First, while comparing on price is a metric that a lot of people use to choose something, it’s not something that I feel is entirely fair. You have to look at each item for what they are and see the differences between the two. Kent Wang’s suits are MTM — you can send it back and get alterations and adjustments made based off of a RTW suit you’re sent initially. Howard Yount is straight up RTW. So, those are different processes and things you’re buying entirely.
That said, why did I go with Howard Yount?
The first reason is that I know how it fits on me — more or less from the previous experience I have their summer blazer. I know that the adjustments I’d want done can be done by my local alterationist in about a week.
In terms of the jacket’s construction, I liked that the suit comes with minimal lining in the shoulders and sleeves. That’s important to me since I’m buying this for the rare instances in the summer when I need to wear a suit and it’s seasonably hot out, so having a suit that’s basically unlined is a huge plus.
The fact the suit’s fully canvased is another bonus and my prior experience with Howard Yount’s tropical wool trousers gives me some confidence of the fabric quality I can expect to be used in the suit.
Finally, there’s the convenience of buying something “off the (virtual) rack” and knowing with a degree of confidence how it’ll fit on me and be pretty close to being ready to go when/if I need it with near immediacy. For me, that’s a value in and of itself.
Now, the downsides to RTW is that you’re not going to get the plethora of options you’d be getting with a MTM process. If I wanted a slightly different button stance, a different fabric, a longer or shorter hem, a change in shoulder width, etc., then I really can’t do much about that with RTW. And if you’re a person that needs or really wants those options, then MTM might very well be the route for you. The downside is the time it takes to go through that process.
I have a lot more thoughts on the whole custom-made versus ready-made debate that I might spell out at some point, but the bottom line is that you have to go with what works for you, personally.
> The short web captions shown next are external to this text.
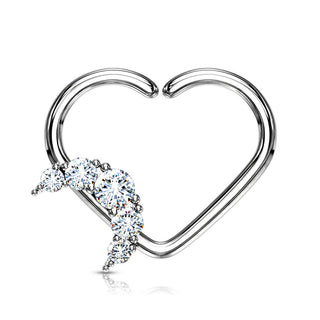 Anneau Cœur Lune Zircone Pliable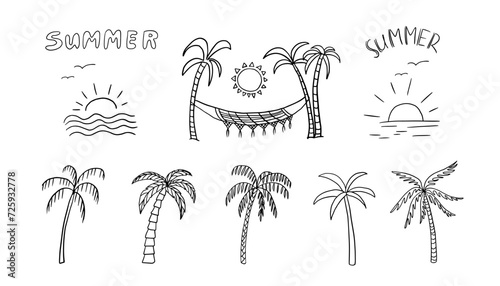 Big set of different palm trees, suns and hammock in doodle style. Summer time. Travel design. Adventure. Paradise. Hand drawn. Great for prints, poster, banner and professional design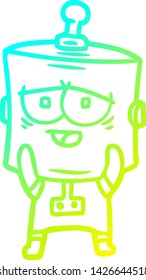 cold gradient line drawing of a cartoon robot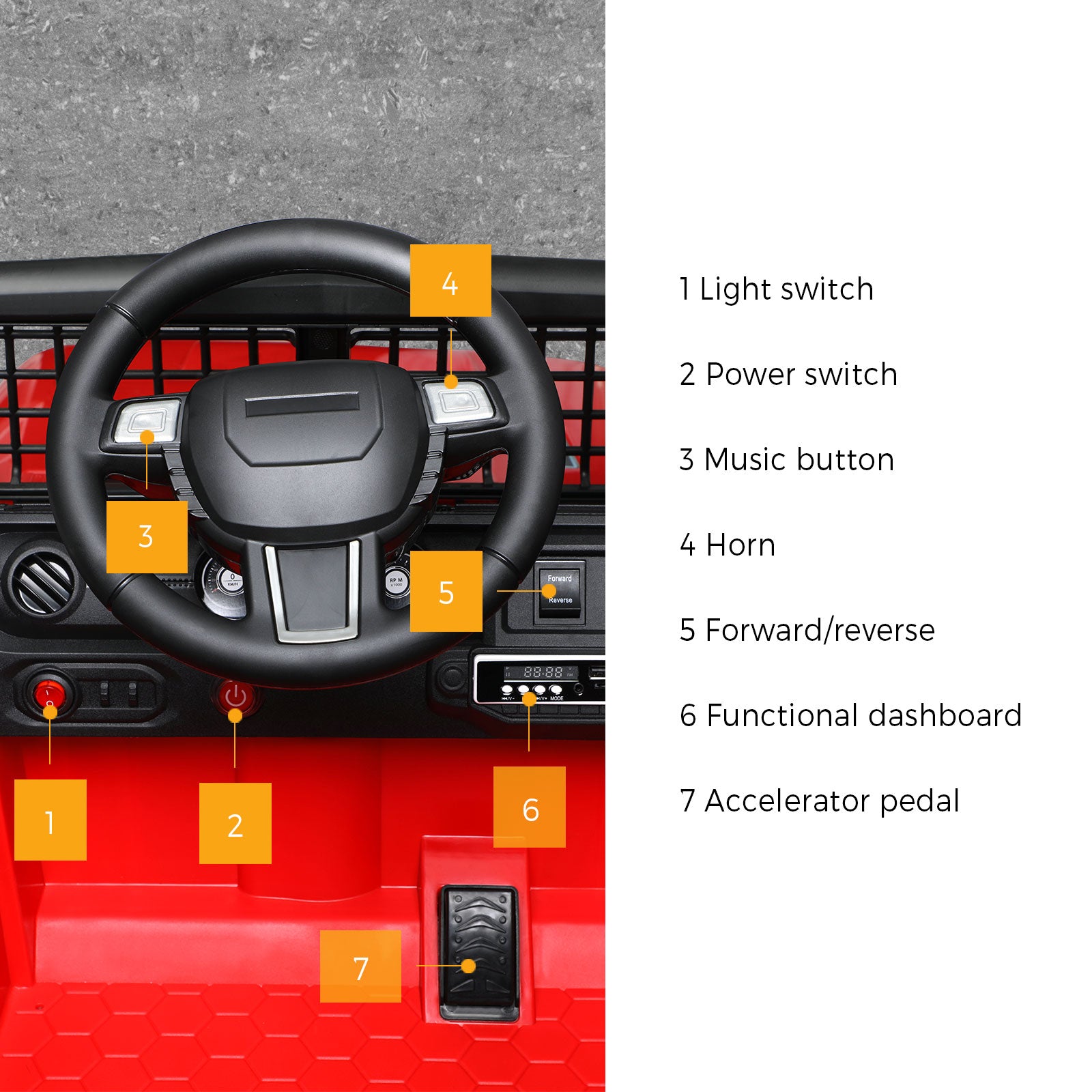 Mazam Ride On Car Electric Jeep Toy Remote Cars Kids Gift MP3 LED lights 12V - Sunyee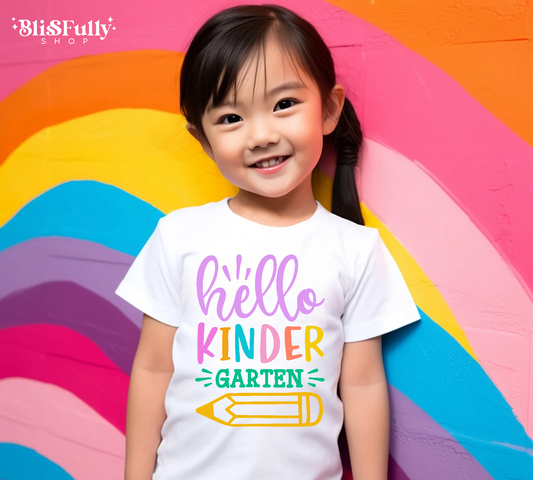 Hello Kindergarten Shirt - First Day of School Shirt - First Day of Kindergarten Shirt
To give you an idea, I’ve been spending a good deal of time trying to find a place to get MTM linen dress shirts for summer and it’s been a long process. One company I used didn’t turn out something I was entirely happy with the first time around and it’s being redone again. It’ll probably be close to two months or maybe even three before they might produce something I’m happy with and will then spend another few weeks after that waiting for more to be made. With another place, it’s been about a month between my first test shirt order and when I’ll be able to get to a fitting. Odds are good that unless they nail the fit on the first try (which rarely happens), it’ll be another month before I go forward with placing a larger order with them. Yet another shirtmaker has a traveling schedule that I kept missing and wasn’t able to see for well over a year — and they have a 6-8 week production time from when you place your order to when you receive it.
And, that’s just for a shirt. The process of going MTM on shirts has taught me that if I were to start looking into MTM or bespoke suiting, it’s something that 1.) I wouldn’t want to rush and 2.) I would need to be very mindful of entering with an eye for detail and attention that I probably don’t have fully developed yet.